The survey results show continued strong support for APEC’s work on trade and investment liberalization with close to 75 percent of respondents agreeing that it has had positive effects on growth for their economy. At the same time, there was broad support for the assertion that stronger domestic institutions are required to ensure that the benefits of the integration process flow to the less well-off in society.

Opinion-leaders ranked education and vocational training as the most important way of promoting inclusive growth followed by structural reforms and then trade-related infrastructure.

Over 50 percent of respondents agreed that APEC needed to have a set of aspirational development goals to make its work on economic and technical cooperation more effective. The provision of affordable education to provide workers with the skills to compete in the global market place was ranked as the most important developmental goal for the region followed by physical connectivity and the provision of basic services.

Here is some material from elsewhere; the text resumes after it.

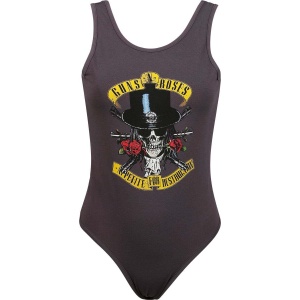 Guns N' Roses Amplified Collection - Tophat SKull body charcoal - RockTime.cz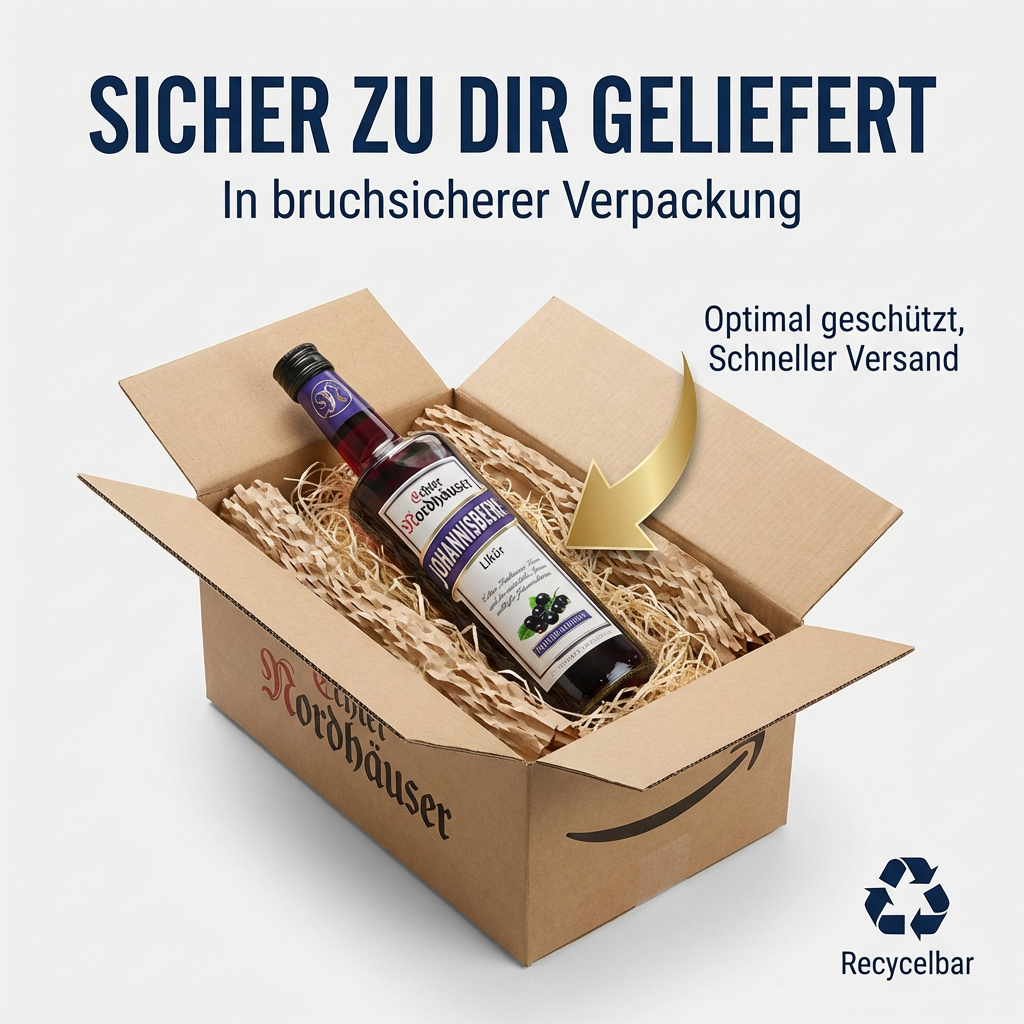 Echter Nordhäuser Johannisbeere, 0,7l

Of all of these agreements, regional opinion-leaders were only positive about the likely conclusion of the ASEAN Economic Community (AEC) and the TPP by 2015. They were by far the least optimistic about reaching a conclusion for the WTO DDA with 59 percent stating it was not likely and only 8 percent stating likely.

While the region has made tremendous progress in promoting regional economic integration, it is challenged by growing income inequalities as well as a perception that some segments of society are unable to benefit from the integration process. Work on economic and technical cooperation is supposed to help bridge those gaps but thus far the results have been limited. There is a need to revisit how economic-technical cooperation (ecotech) is conceptualized and communicated to meet expectations on the delivery of outputs and outcomes benefiting stakeholders. Given the diversity of work undertaken, APEC should take a value chain approach to its work which requires a mapping exercise to connect activities to each other in a business production logic.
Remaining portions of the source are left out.